How to Fortify Soy Milk Or Other Milks
To fortify your milk, add the following (of the products featured) amounts:
- 27 grams of Calci-K® powder added to a gallon will yield around 300mg of calcium per 8 oz (1 cup) serving. A 12oz bag of Calci-K® powder will last for around 12.5 gallons of milk at 27 grams of powder per gallon of milk. If you would like to reduce the calcium content of the milk, I would recommend simply adding 13.5 grams instead, which will yield 150mg of calcium per cup. A bag of 12oz will then last for around 25 gallons of milk.
- Adding 4ml of liquid vitamin D3 to 1 gallon of milk will yield 500IU per 8oz serving (1 cup).
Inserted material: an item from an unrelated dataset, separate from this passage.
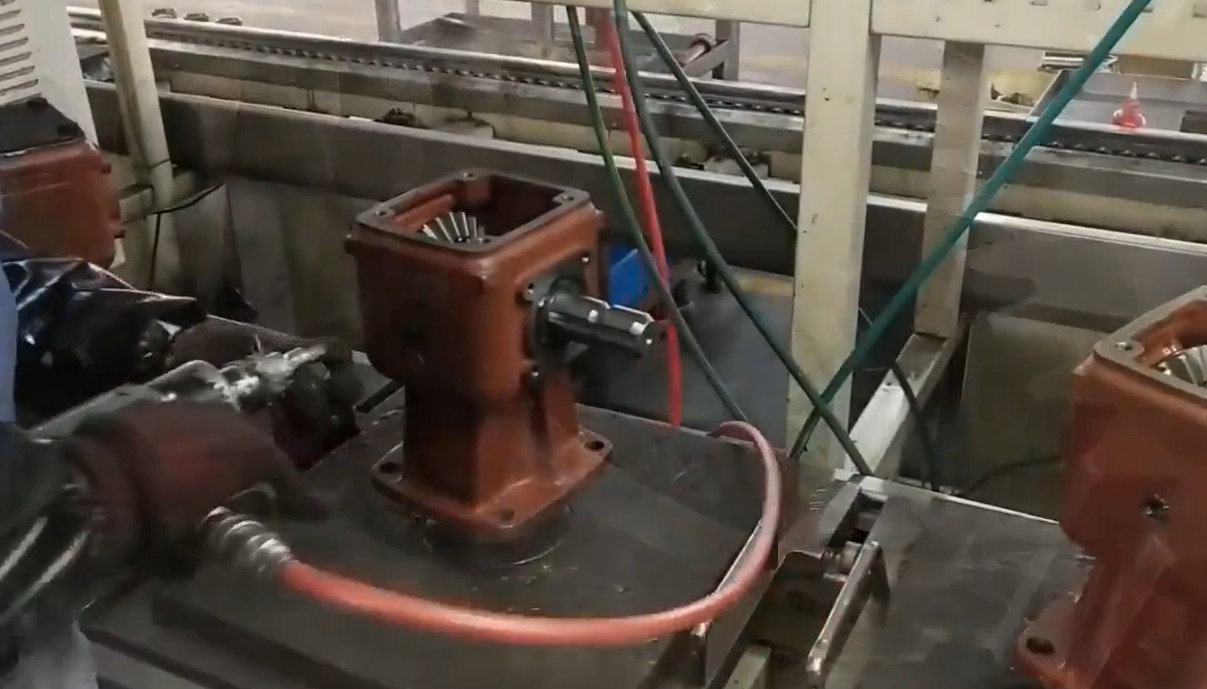 RC 100 Skid Steer Mower Rotary Cutter Gearbox with 1-3/8" 6 Spline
If you would like to reduce the amount of vitamin D3, I would recommend simply only adding 2ml, which will yield around 250IU of vitamin D3 per cup. At 4ml per gallon, a bottle of vitamin D3 will last around 7.5 gallons of milk. WARNING: Adding too much Vitamin D3 or any fat-soluble vitamin can be toxic, especially to children.
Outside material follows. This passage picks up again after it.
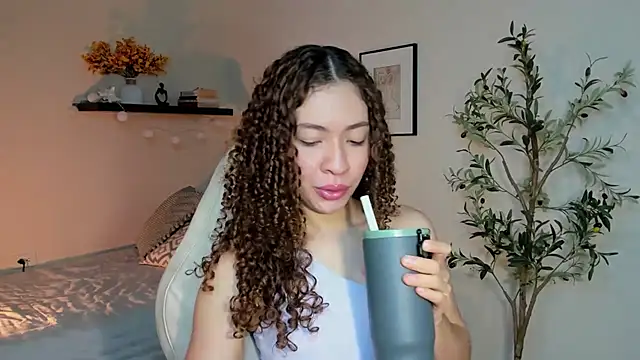 Snapshot of isabella-garcia- chatting on April 28, 2026, 6:34 pm isabella-garcia- online show from April 28, 2026, 6:34 pm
- Adding 60 drops of liquid vitamin B12 will yield around 375mcg per 8oz (1 cup) serving. If you would like to reduce the amount of vitamin B12, I would suggest simply only adding 30 drops, which will yield 187.5mcg of vitamin B12. At 60 drops per gallon of milk, a 1oz bottle will last for 30 gallons. At 30 drops it will last for 60 gallons. Vitamin B12 is water-soluble.
These statements have not been evaluated by the Food and Drug Administration. This product is not intended to diagnose, treat, cure, or prevent any disease.
This content is accurate and true to the best of the author’s knowledge and does not substitute for diagnosis, prognosis, treatment, prescription, and/or dietary advice from a licensed health professional. Drugs, supplements, and natural remedies may have dangerous side effects. If pregnant or nursing, consult with a qualified provider on an individual basis. Seek immediate help if you are experiencing a medical emergency.
Carlyjj on January 12, 2020:
@meganrh That is false. Vegan d3 exists and is derived from lichen. You can look up vegan d3 supplements. Now whether they come in a liquid d3 form at this time I'm not certain, but vegan d3 exists.
Jafar Sadeq on April 25, 2019:
Very useful information for dairy intolerant people. Thanks!
MeganRH on March 05, 2018:
Hey I just want to let you know that Vitamin D3 is not vegan. It's made from fish oil or lanolin, which comes from wool. If it's from lanolin vegetarians can use it, but vegans should use D2 supplements.
Otherwise I really like your article and I'm gonna use it to make my own fortified soymilk!
Rajan Singh Jolly from From Mumbai, presently in Jalandhar, INDIA. on May 19, 2016:
Excellent information that anyone can use practically and especially beneficial for those who are intolerant of dairy milk.